Once the line holding "字母哥直播被儿子乱入,暖心瞬间引爆网友热议" is found in the listing below, write it out and each later line exactly, up to and including the one holding "6119 W Giddings St, Unit 2".

START DATA PROVIDED

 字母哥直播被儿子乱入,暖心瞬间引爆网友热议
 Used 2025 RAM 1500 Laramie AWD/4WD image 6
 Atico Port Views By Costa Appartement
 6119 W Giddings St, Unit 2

END DATA PROVIDED
START DATA PROVIDED

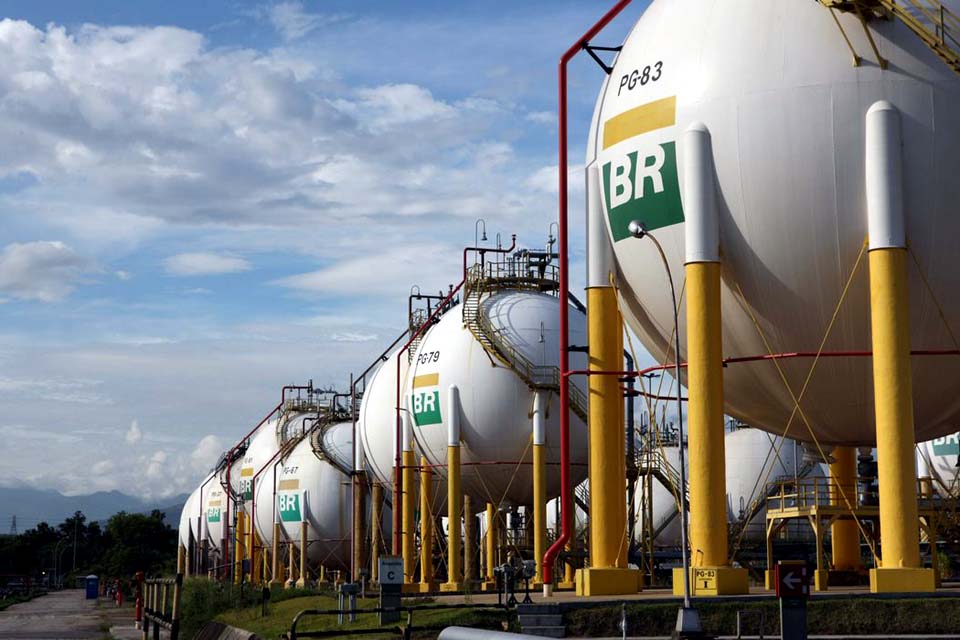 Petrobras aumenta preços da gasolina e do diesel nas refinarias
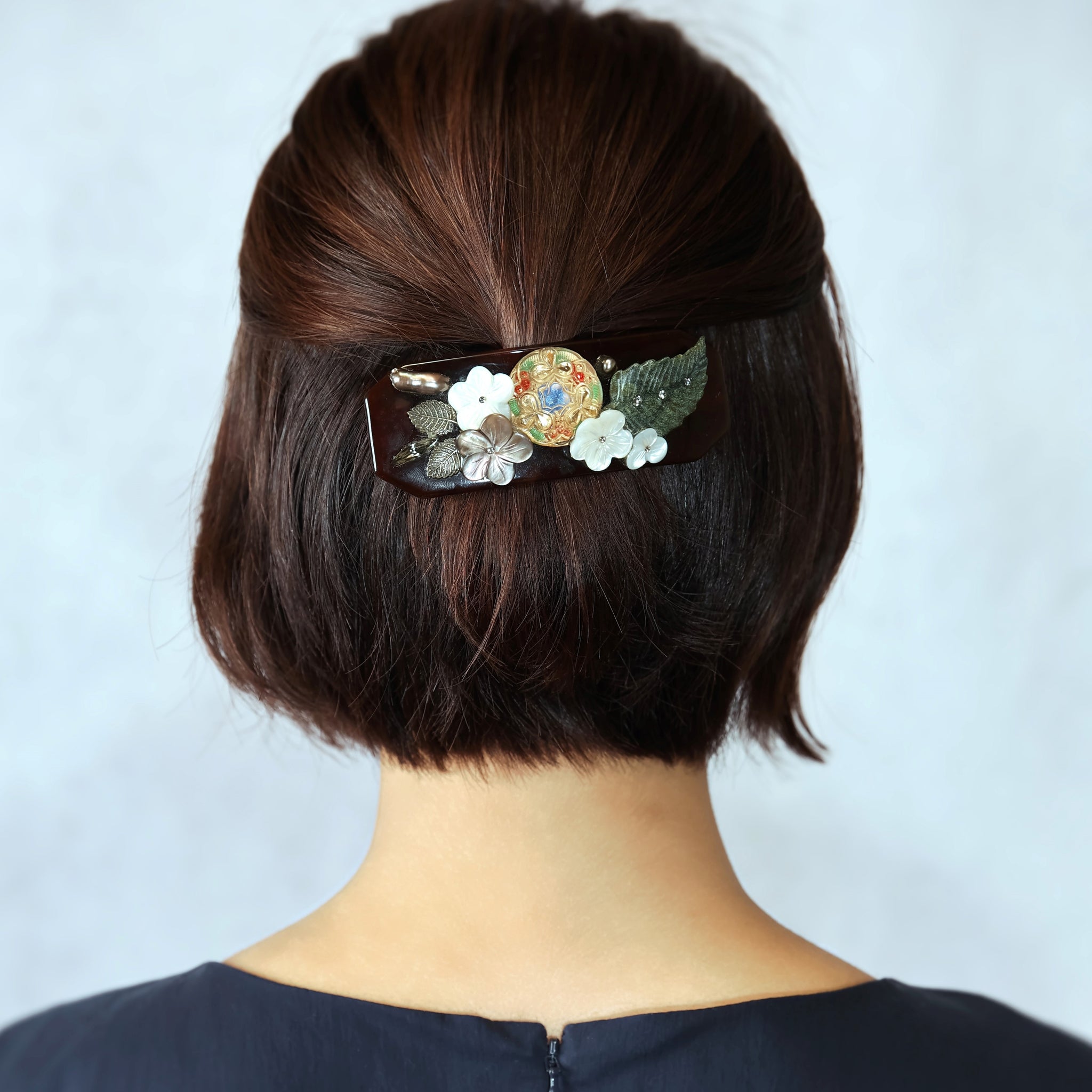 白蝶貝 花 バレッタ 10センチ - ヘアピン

END DATA PROVIDED
START DATA PROVIDED

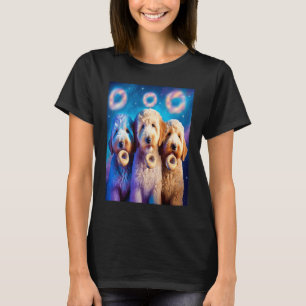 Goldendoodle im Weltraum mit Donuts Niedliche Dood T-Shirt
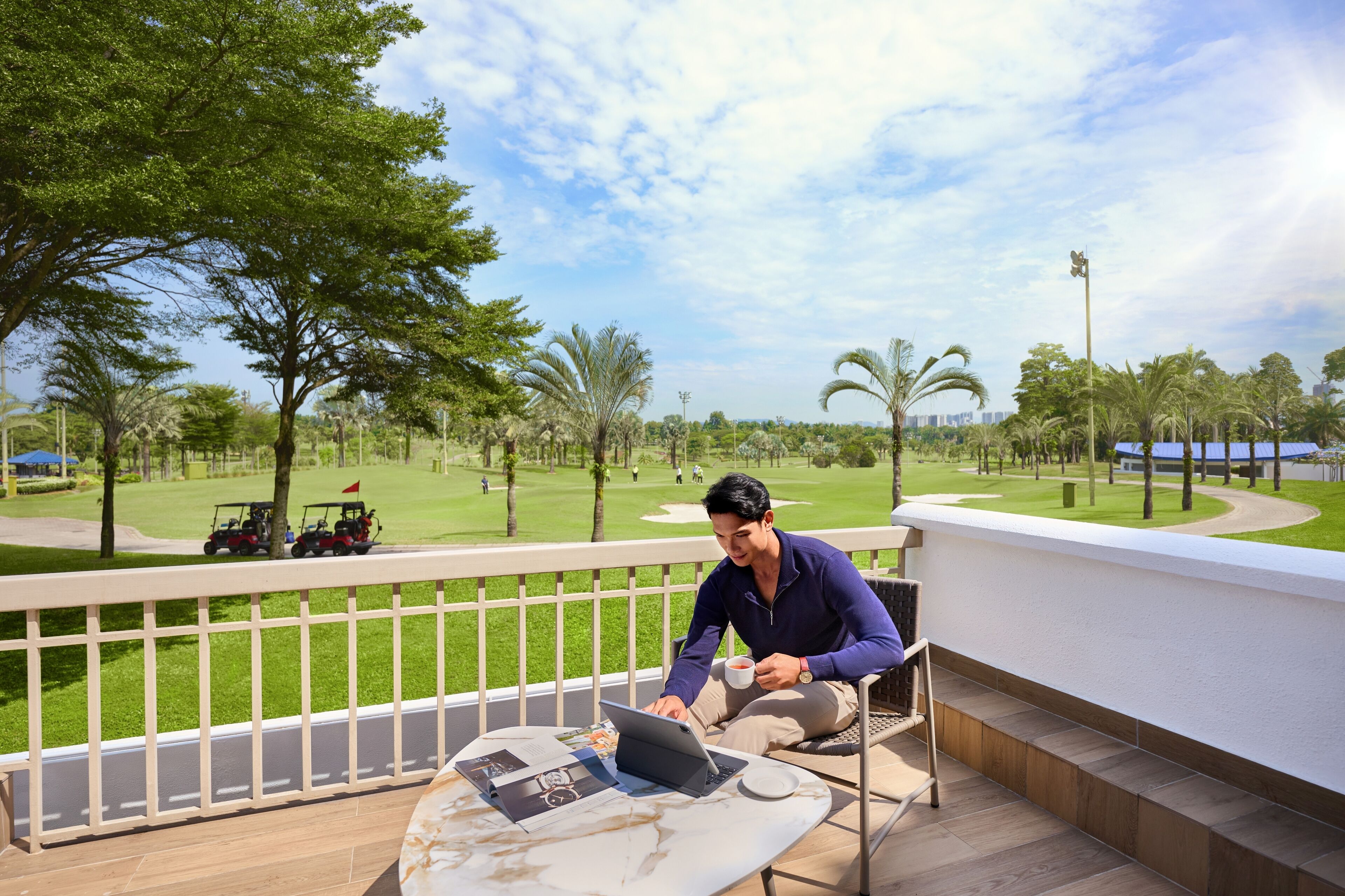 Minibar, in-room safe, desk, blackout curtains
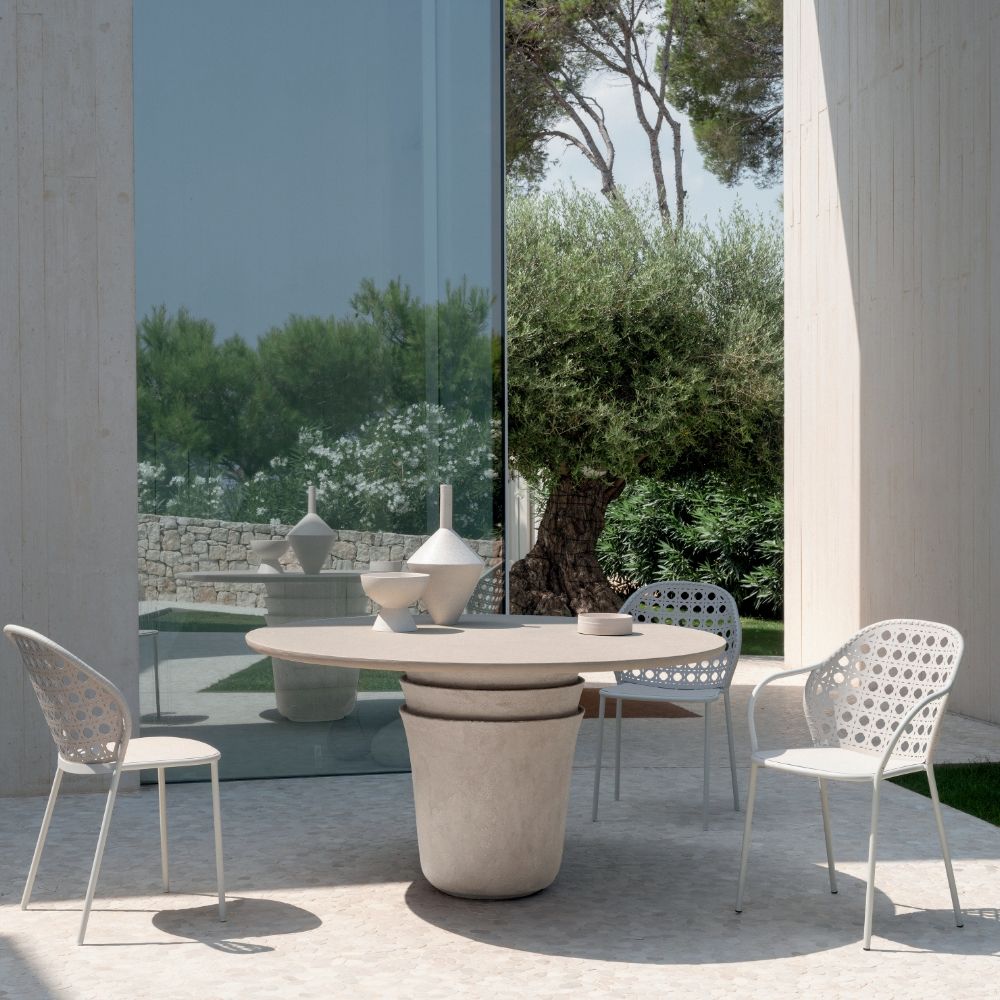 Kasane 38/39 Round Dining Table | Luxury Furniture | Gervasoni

END DATA PROVIDED

RESPONSE AREA:
 字母哥直播被儿子乱入,暖心瞬间引爆网友热议
 Used 2025 RAM 1500 Laramie AWD/4WD image 6
 Atico Port Views By Costa Appartement
 6119 W Giddings St, Unit 2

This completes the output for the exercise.